The details behind these conclusions, including charts showing the warming and maps showing the distribution, have been posted on the Berkeley Earth website, at www.BerkeleyEarth.org/2014
The warmth in 2014 is not uniform across the Earth. The US state of Michigan in 2014 recorded its 14th coldest year (-1.12C relative to the 1961-1990 average). In contrast, the US state of California, in the midst of a severe drought, recorded its warmest year to date (+1.92C) besting the previous record by 0.76C. Overall, the contiguous United States had its 38th warmest year (+0.23C). For a map see www.BerkeleyEarth.org/2014
Internationally, Germany (+2.10 C), the United Kingdom (+1.33C), Sweden (+2.23 C) and several other European countries also set all-time records for high annual average temperature, as did the continent of Europe as a whole (+1.69C).
In total, we estimate that 8.4% of Earth's surface and 5.6% of its land surface set all-time record high annual averages in 2014; 0.11% of the Earth's surface and 0.03% of land set all-time record low annual averages in 2014.

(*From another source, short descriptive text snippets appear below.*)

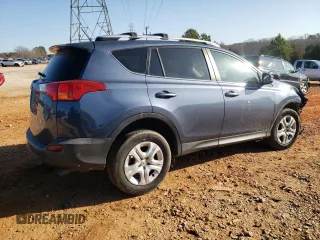 2014 Toyota RAV4 LE with VIN JTMZFREV5ED032229, listed as a Copart auction lot 44257075 with 126,301 mi miles and Salvage title. Bid and sale history available at DreamBid. Image 3.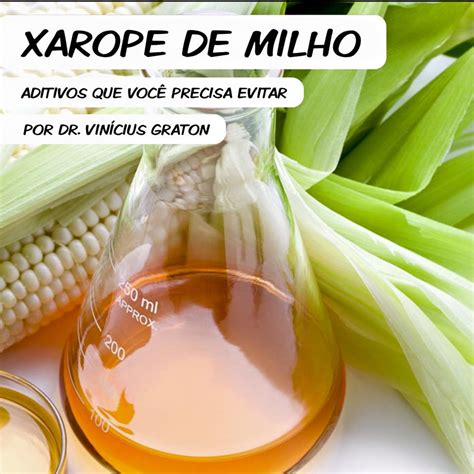 Xarope De Milho Caseiro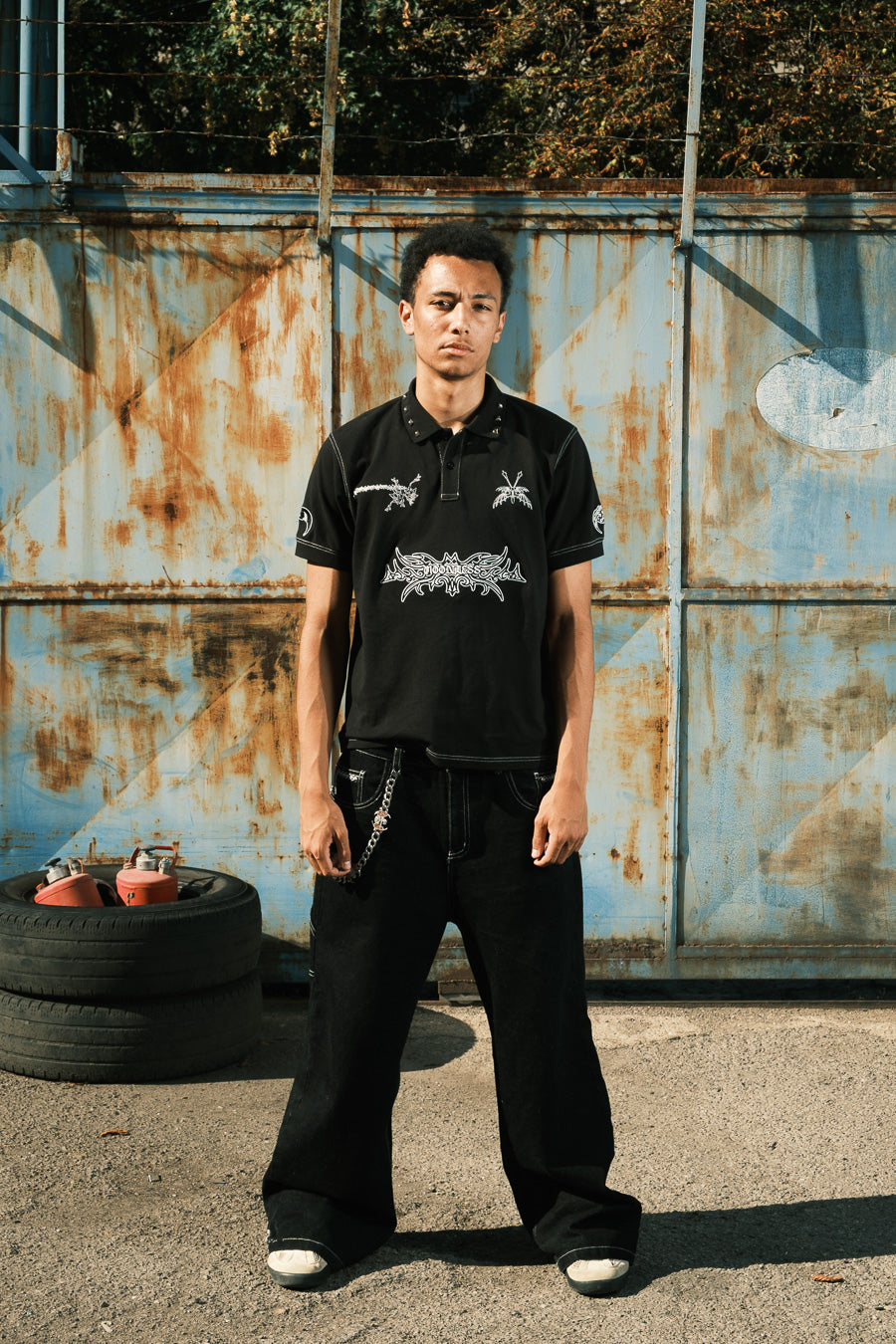 Minute - Embroidered Polo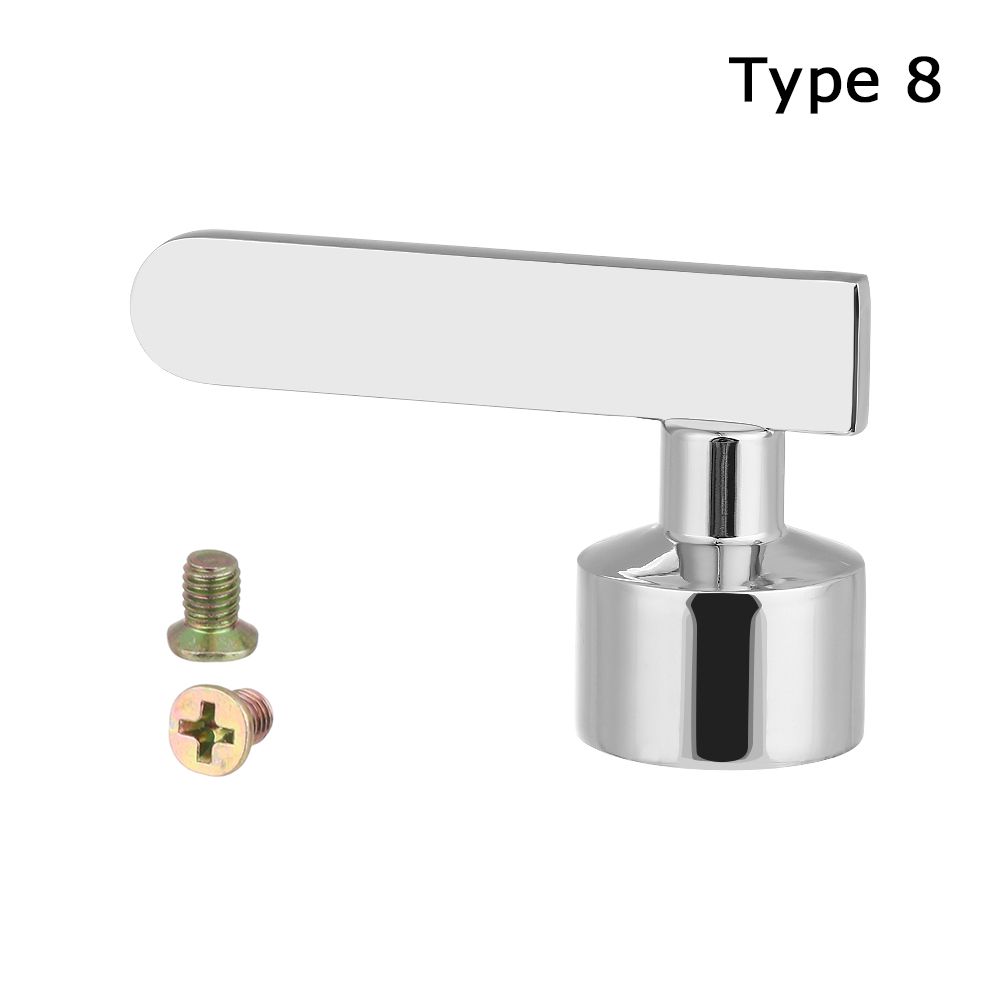 Univerzální trojcestný ventil Rukojeť baterie Malý výtok Rychle otevírací ventil Rukojeť umyvadla Jádro Ruční kolo Spínací rukojeť baterie 2024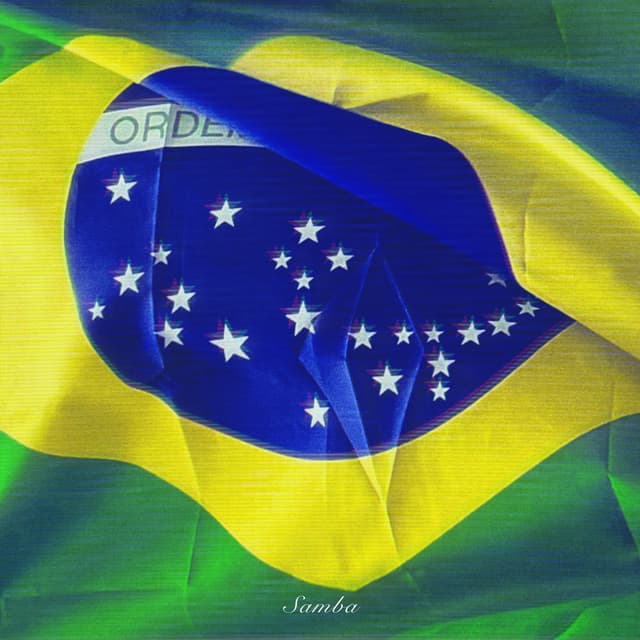 Album cover art for Samba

Our margin of uncertainty was remarkably small (0.05C with 95% confidence), thanks, in part, by the inclusion of data from over 30,000 temperature stations, and by the use of optimized statistical methods. Even so, the highest temperature year could not be distinguished. That is, of course, an indication that the Earth's average temperature for the last decade has changed little; the ten warmest years all occur since 1998.